*** Opening of Given data ***
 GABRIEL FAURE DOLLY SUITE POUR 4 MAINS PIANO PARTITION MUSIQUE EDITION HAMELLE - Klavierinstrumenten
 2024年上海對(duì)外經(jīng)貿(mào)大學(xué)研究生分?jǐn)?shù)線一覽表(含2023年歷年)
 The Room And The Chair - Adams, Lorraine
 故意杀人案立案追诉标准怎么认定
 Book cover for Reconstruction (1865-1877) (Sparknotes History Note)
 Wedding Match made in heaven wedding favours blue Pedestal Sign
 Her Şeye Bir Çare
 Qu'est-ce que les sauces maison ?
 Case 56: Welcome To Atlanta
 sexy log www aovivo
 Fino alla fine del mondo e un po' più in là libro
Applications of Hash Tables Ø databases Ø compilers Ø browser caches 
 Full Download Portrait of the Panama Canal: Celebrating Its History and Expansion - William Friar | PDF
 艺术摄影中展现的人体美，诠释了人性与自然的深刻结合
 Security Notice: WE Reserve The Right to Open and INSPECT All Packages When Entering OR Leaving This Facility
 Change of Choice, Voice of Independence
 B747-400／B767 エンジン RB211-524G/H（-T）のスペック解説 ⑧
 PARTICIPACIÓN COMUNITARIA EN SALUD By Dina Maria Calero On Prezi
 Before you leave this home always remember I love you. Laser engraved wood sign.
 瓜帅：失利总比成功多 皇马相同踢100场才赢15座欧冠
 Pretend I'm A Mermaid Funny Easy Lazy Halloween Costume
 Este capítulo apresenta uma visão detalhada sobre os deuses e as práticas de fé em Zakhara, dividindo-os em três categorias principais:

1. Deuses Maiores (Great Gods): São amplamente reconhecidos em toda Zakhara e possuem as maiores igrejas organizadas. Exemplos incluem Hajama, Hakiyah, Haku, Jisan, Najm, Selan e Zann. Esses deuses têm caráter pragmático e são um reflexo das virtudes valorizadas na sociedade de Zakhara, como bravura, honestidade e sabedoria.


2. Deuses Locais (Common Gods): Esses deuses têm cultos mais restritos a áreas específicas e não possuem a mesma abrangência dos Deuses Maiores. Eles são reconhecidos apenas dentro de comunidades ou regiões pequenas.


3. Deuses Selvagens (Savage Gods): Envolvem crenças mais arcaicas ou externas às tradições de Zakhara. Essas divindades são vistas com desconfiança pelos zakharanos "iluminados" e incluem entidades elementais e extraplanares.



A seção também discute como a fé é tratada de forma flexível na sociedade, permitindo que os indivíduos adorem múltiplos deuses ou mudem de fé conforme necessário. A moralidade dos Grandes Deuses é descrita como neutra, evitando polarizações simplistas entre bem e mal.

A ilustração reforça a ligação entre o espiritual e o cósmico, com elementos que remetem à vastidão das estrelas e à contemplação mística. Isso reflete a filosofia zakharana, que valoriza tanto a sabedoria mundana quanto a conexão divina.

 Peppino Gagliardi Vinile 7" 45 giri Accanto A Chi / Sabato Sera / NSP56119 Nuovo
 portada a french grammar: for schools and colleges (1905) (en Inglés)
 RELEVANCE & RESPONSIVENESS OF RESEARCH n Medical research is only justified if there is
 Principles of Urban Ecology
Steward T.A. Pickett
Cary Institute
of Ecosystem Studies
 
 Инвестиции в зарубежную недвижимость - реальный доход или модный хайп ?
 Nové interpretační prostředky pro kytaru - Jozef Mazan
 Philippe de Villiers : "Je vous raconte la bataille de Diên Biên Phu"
*** Close of Given data ***
Which lines in the data above hold the word "Gods"? Return each of them.

**Output of the task:**
1. Deuses Maiores (Great Gods): São amplamente reconhecidos em toda Zakhara e possuem as maiores igrejas organizadas. Exemplos incluem Hajama, Hakiyah, Haku, Jisan, Najm, Selan e Zann. Esses deuses têm caráter pragmático e são um reflexo das virtudes valorizadas na sociedade de Zakhara, como bravura, honestidade e sabedoria.
2. Deuses Locais (Common Gods): Esses deuses têm cultos mais restritos a áreas específicas e não possuem a mesma abrangência dos Deuses Maiores. Eles são reconhecidos apenas dentro de comunidades ou regiões pequenas.
3. Deuses Selvagens (Savage Gods): Envolvem crenças mais arcaicas ou externas às tradições de Zakhara. Essas divindades são vistas com desconfiança pelos zakharanos "iluminados" e incluem entidades elementais e extraplanares.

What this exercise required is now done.